There’s been an added benefit, in addition to hop security.
“Now our hops clearly have their own flavor because they have their own land,” said Rogue’s president, Brett Joyce, to the Willamette Week. “They taste like nothing else anywhere … we call it ‘dirt-oir,'” the hop-equivalent of terroir.
Smaller craft brewers aren’t left out of the dirt-oir movement just because they can’t grow their own hops. The Portland-based company, Indie Hops, connects Oregon hop farmers with craft brewers by selling Oregon-grown flavor hops to more than 200 craft brewers across the country, including Seattle’s Pike Brewing Company and Schooner EXACT.
Indie Hops has donated $1 million to the hop research program at OSU and, so far, about six new varieties “are very promising, with very unique flavor profiles,” says Indie Hops’ Jim Solberg.
Solberg hopes to bring a new variety to market every year. Future varieties could taste of coconut, blueberry, mango, garlic and sage, and the breeds that emerge as the cream of the crop will be planted in small acreage on Oregon farms, including Goschie’s.
Pike Brewing’s head brewer, Dean Mochizuki, is one happy beneficiary of Indie Hops’ vision. For him, it’s about more than novelty flavor profiles. He has been buying from Indie Hops for more than a year because the hops he gets are certified Salmon-Safe. “A lot of farmers in the Northwest are moving toward organic now, too, because of the demand,” he says.
As the craft brew movement continues to flourish, organic hopefully will play a bigger part. A small portion of Goschie’s acreage is certified organic and she hopes to add more.

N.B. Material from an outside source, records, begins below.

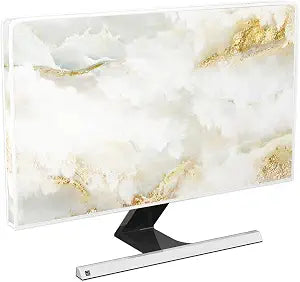 White Gold Computer Monitor Cover with Abstract Texture Marble Design 26, 27, 28 Inch Panel Case Computer Monitor Covers Sleeve Compatible with PC Desktop and TV LCD/LED/HD Screen Cover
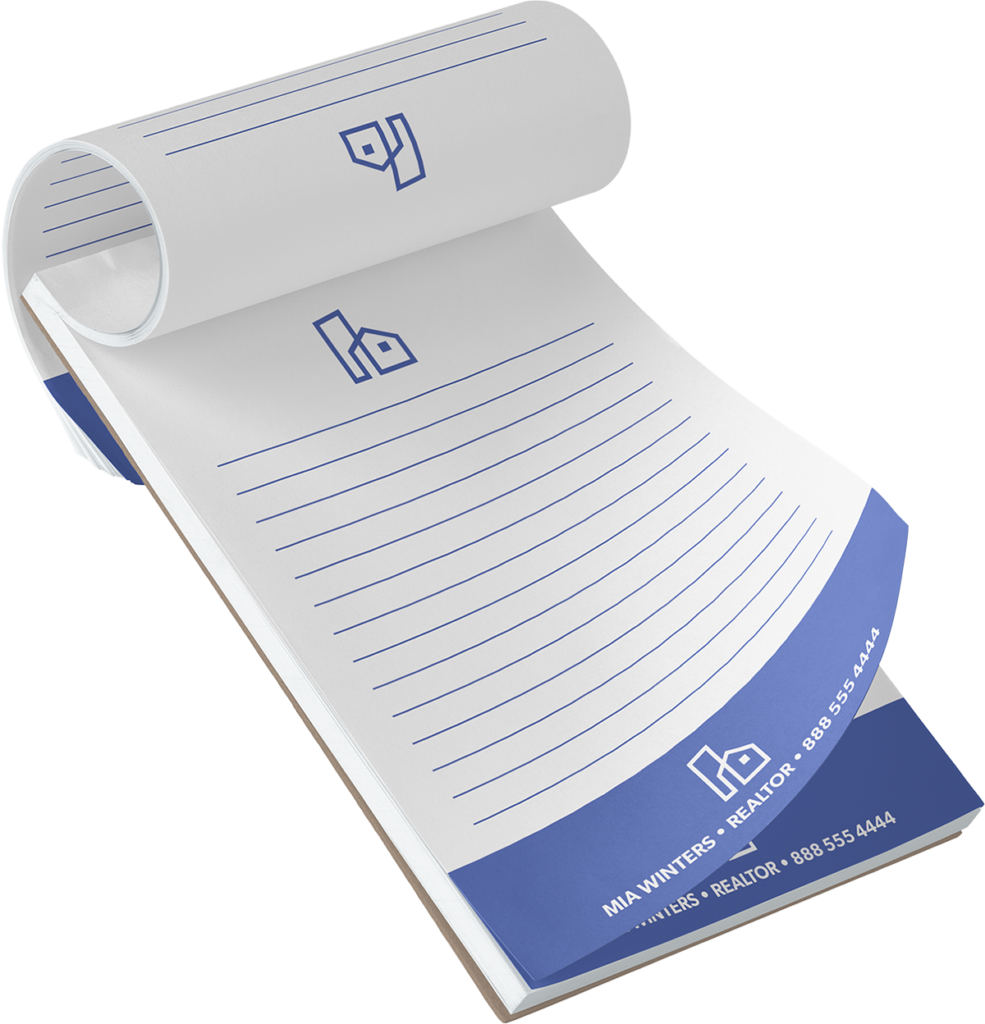 Custom notepads in Vancouver. Mock-up of a double-sided notepad.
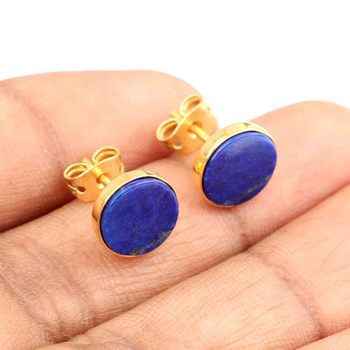 High Quality Handmade 925 Sterling Silver 18K Gold Plated Natural Lapis Lazuli 12mm Smooth Dangle Earrings Women Fine Stud Ring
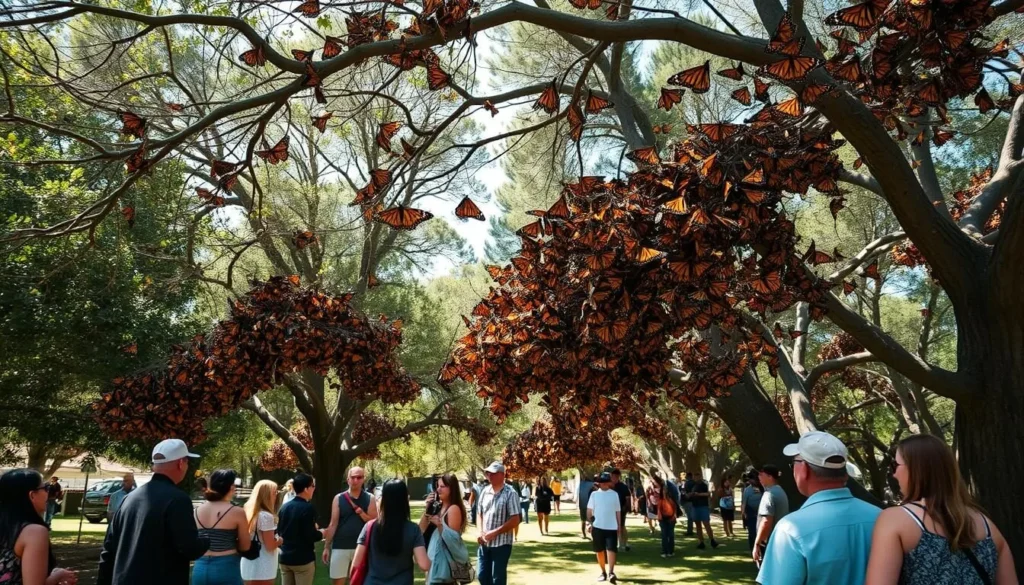 Monarch butterflies clustered on eucalyptus trees at Pismo State Beach Monarch Butterfly Grove Monarch butterflies clustered on eucalyptus trees at Pismo State Beach Monarch Butterfly Grove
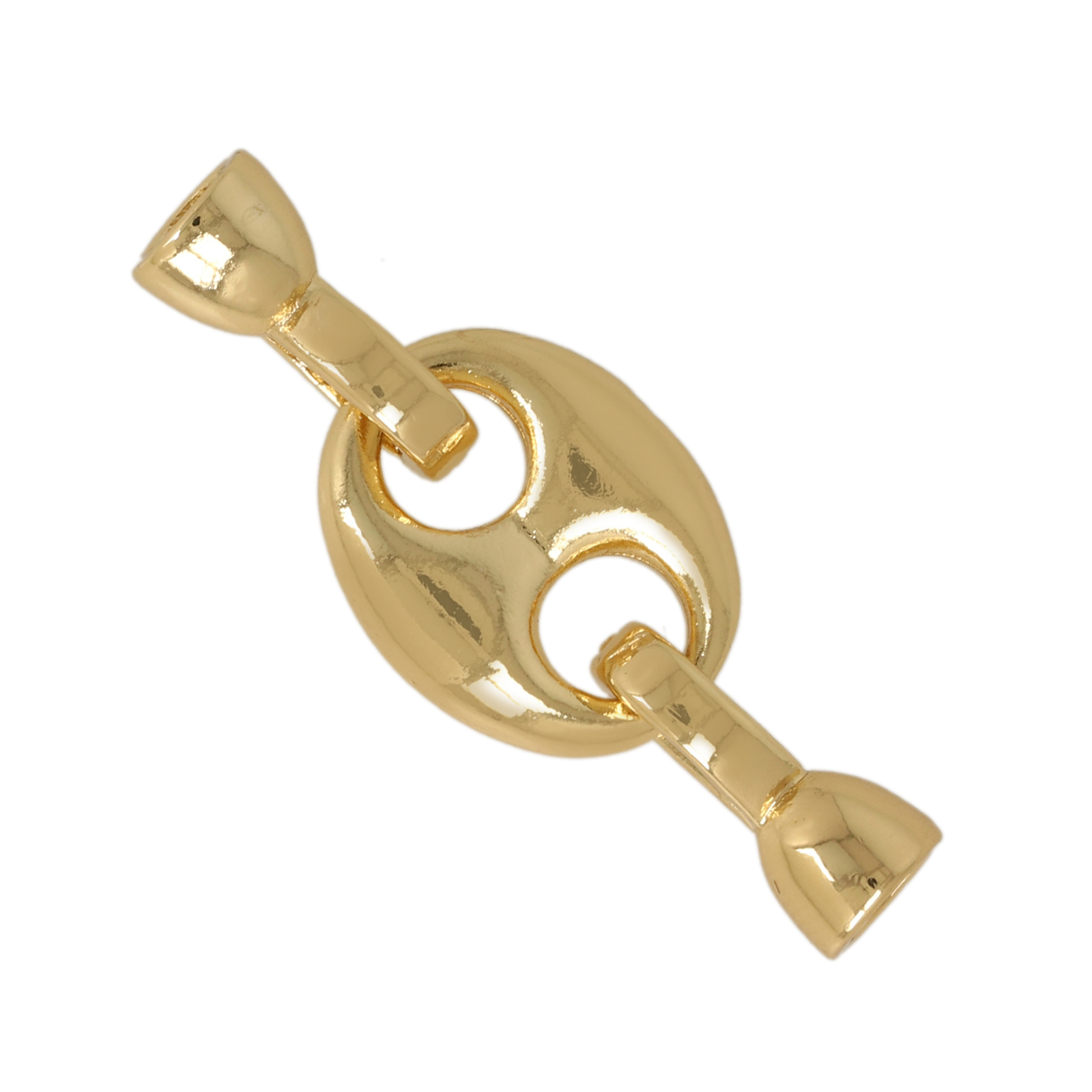 metal cz gold plated clasp with bead cup end 4mm | 1pc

Perhaps this farm-to-brewery connection is giving Northwest craft brewers the strength to remain independent.
Gary Fish, the owner and founder of Deschutes Brewery in Bend, Ore., posted an answer to an FAQ on the Deschutes website: “Deschutes is privately and independently owned and operated. We are not owned by, or selling to, any large brewer or other entity, nor do we have any plans to. We’re having too much fun to change.”
Joel Preston Smith is a writer and photographer living in Portland. Eli Penberthy is co-editor of the Sound Consumer.